Die Entscheidung sei nach Inspektionen in Deutschland getroffen worden, sagte Veterinäraufsichtschef Sergej Dankwert. Dabei seien verschiedene Escherichia-coli-Bakterien auf unterschiedlichen Produkten entdeckt worden. "Wir haben immer darauf hingewiesen. Nun hoffe ich, dass die deutschen Behörden die Gefahr wahrnehmen", sagte Dankwert. Das Vorkommen von E.coli-Bakterien auf Lebensmitteln ist nichts Ungewöhnliches. Auch die natürliche Darmflora des Menschen ist von unterschiedlichen E.coli-Stämmen besiedelt. Die meisten davon sind harmlos.

Die Funde der russischen Kontrolleure beweisen also bislang keineswegs einen Zusammenhang zwischen der aktuellen Ehec-Epidemie und den Betrieben, deren Produkte jetzt nicht mehr nach Russland geliefert werden dürfen.

Bei den Bakterien, die Wissenschaftler als Ehec-Stämme bezeichnen, handelt es sich um E.coli-Bakterien, die mitunter gefährliche Giftstoffe bilden. Keiner der Varianten war bislang derart aggressiv, wie der derzeit umgehende Bakterien-Typ O104:H4. So wurde etwa im Mai an Gurken aus Spanien ein Ehec-Erreger nachgewiesen. Dabei handelte es sich aber nicht um den Auslöser der deutschen Epidemie.

Anfang dieses Jahres hatte Russland wegen des Dioxin-Skandals tagelang die Einfuhr von Schweinefleisch und Geflügel aus Deutschland verboten.
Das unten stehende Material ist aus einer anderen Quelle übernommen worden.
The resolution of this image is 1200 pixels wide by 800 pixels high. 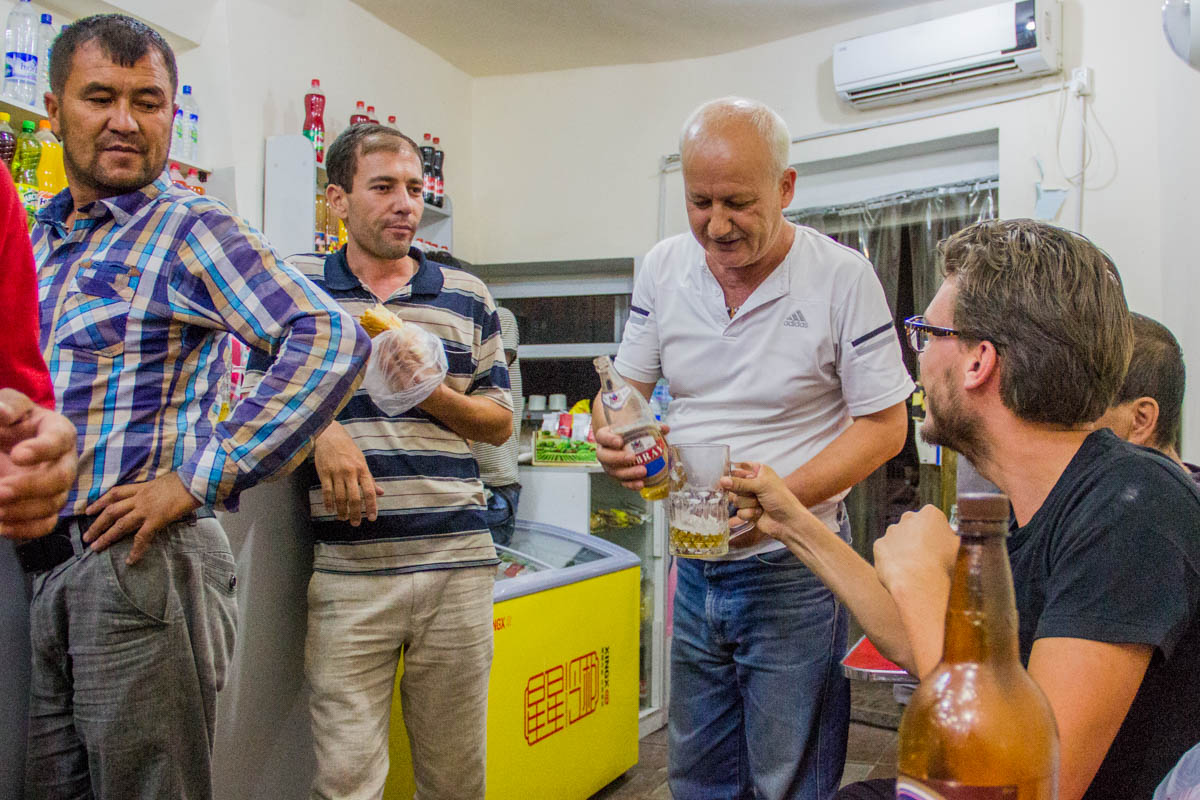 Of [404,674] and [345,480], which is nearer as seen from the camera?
[345,480]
Allerdings ist die Belastung von Lebensmitteln mit Dioxin – auch über bestehende Grenzwerte hinaus – nicht mit der Verunreinigung mit dem aggressiven Ehec-Keim zu vergleichen: Schon die Aufnahme weniger O104:H4-Ehec-Bakterien reicht aus, um an einem schweren Darminfekt zu erkranken. Im Vergleich zu bisherigen Epidemien mit Ehec-Erregern, entwickeln derzeit überdurchschnittlich viele der Infizierten auch die schwere Komplikation Hus mit Nierenversagen. Rund die Hälfte der von Hus Betroffenen leiden zusätzlich unter neurologischen Störungen. Der Verzehr von dioxinbelasteten Eiern ist dagegen nicht unmittelbar gesundheitsschädlich.

Bereits am Dienstag hatte die russische Nachrichtenagentur Ria Novosti gemeldet, Russland erwäge einen Importstopp für deutsches Fleisch. Dies bestätigte auch Russlands Hauptveterinärarzt Nikolai Wlassow.
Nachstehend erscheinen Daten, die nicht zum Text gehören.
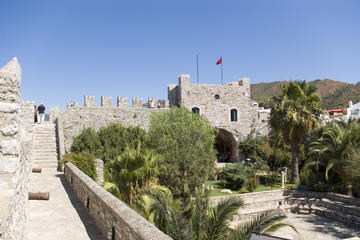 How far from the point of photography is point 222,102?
25.8 m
Während die EU primär in Gemüsebetrieben nach den Ehec-Erregern sucht, sieht die russische Agrar-Aufsichtsbehörde Rosselchosnadsor nach Angaben Wlassows einen Viehzuchtbetrieb als Infektionsquelle. Da in Deutschland die meisten Erkrankungen auftraten, sei hier der Infektionsherd zu suchen.
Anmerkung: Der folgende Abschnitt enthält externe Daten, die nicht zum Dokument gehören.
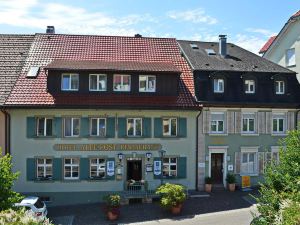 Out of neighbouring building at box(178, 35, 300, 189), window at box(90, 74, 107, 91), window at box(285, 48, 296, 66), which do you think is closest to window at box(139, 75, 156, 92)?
window at box(90, 74, 107, 91)

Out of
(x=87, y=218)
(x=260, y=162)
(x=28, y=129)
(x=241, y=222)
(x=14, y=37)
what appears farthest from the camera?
(x=14, y=37)

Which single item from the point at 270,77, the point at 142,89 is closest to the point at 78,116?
the point at 142,89

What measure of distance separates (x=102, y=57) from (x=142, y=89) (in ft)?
13.7

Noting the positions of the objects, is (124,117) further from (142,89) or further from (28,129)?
(28,129)

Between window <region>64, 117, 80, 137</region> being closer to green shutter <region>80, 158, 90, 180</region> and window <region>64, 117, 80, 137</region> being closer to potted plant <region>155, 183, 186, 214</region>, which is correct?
green shutter <region>80, 158, 90, 180</region>

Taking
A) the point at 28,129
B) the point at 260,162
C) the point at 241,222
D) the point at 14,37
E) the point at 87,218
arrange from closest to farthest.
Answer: the point at 241,222 → the point at 87,218 → the point at 28,129 → the point at 260,162 → the point at 14,37

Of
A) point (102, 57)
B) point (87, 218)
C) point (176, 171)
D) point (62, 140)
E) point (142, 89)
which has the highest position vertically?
point (102, 57)

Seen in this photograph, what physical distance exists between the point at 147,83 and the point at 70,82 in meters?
4.75

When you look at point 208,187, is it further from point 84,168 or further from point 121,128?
point 84,168

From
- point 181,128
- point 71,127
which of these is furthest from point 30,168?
point 181,128

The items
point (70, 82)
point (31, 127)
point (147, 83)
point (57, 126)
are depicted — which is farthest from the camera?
point (147, 83)

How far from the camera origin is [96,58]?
2847cm

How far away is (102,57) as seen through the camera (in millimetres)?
28625

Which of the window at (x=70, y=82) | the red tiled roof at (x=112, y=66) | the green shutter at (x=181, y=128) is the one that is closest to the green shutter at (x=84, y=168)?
the window at (x=70, y=82) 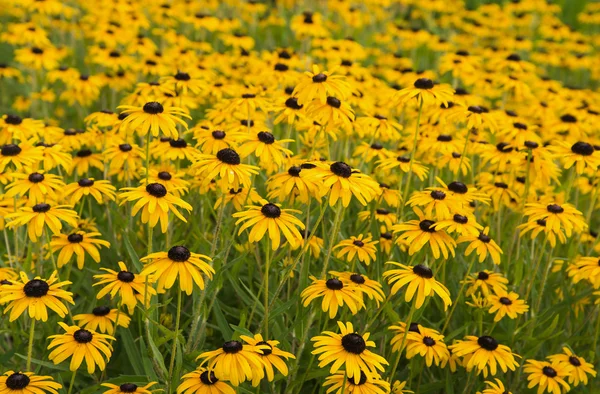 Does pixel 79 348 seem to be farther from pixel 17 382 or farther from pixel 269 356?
pixel 269 356

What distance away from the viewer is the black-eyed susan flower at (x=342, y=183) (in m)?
3.12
Derweil darf der Frankfurter Gemüsehof, der nach einem Ehec-Fund in Salat und Waschwasser gesperrt worden war, wieder Lebensmittel verkaufen. Der Betrieb verstärke unter anderem seine Kontrollen, um künftig eine Belastung mit dem Darmkeim auszuschließen, teilte das hessische Verbraucherschutzministerium mit. Auf einem Salat aus dem Betrieb war am 9. Juni ein Ehec-Keim entdeckt worden. Dabei handelte es sich ebenfalls nicht um den gefährlichen Typ O104:H4. Die Ware wurde zurückgerufen. Da Ehec auch in der Salatwaschanlage festgestellt wurde, war der gesamte Betrieb gesperrt worden.